Unnamed: 0_level_0,Open,High,Low,Close,Adj Close,Volume
Date,Unnamed: 1_level_1,Unnamed: 2_level_1,Unnamed: 3_level_1,Unnamed: 4_level_1,Unnamed: 5_level_1,Unnamed: 6_level_1
2015-01-02,14.858,14.883333,14.217333,14.620667,14.620667,71466000
2015-01-05,14.303333,14.433333,13.810667,14.006,14.006,80527500
2015-01-06,14.004,14.28,13.614,14.085333,14.085333,93928500
2015-01-07,14.223333,14.318667,13.985333,14.063333,14.063333,44526000
2015-01-08,14.187333,14.253333,14.000667,14.041333,14.041333,51637500


Now, this is a python object that is rows and columns, like a spreadsheet.
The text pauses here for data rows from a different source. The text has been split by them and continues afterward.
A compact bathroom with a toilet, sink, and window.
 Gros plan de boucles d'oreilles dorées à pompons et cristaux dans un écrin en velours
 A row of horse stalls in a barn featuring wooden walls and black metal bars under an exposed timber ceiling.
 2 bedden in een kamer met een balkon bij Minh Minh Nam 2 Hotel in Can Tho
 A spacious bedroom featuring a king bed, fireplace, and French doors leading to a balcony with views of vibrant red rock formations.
The .head() is something you can do with Pandas DataFrames, and it will output the first n rows, where n is the optional parameter you pass. If you don't pass a parameter, 5 is the default value. We mosly will use .head() to just get a quick glimpse of our data to make sure we're on the right track. Looks great to me!

In case you do not know:

* Open - When the stock market opens in the morning for trading, what was the price of one share?
* High - over the course of the trading day, what was the highest value for that day?
* Low - over the course of the trading day, what was the lowest value for that day?
* Close - When the trading day was over, what was the final price?
* Volume - For that day, how many shares were traded?
* Adj Close - This one is slightly more complicated, but, over time, companies may decide to do something called a stock split. For example, Apple did one once their stock price exceeded \\$1000. Since in most cases, people cannot buy fractions of shares, a stock price of \\$1,000 is fairly limiting to investors. Companies can do a stock split where they say every share is now 2 shares, and the price is half. Anyone who had 1 share of Apple for \\$1,000, after a split where Apple doubled the shares, they would have 2 shares of Apple (AAPL), each worth \\$500. Adj Close is helpful, since it accounts for future stock splits, and gives the relative price to splits. For this reason, the adjusted prices are the prices you're most likely to be dealing with.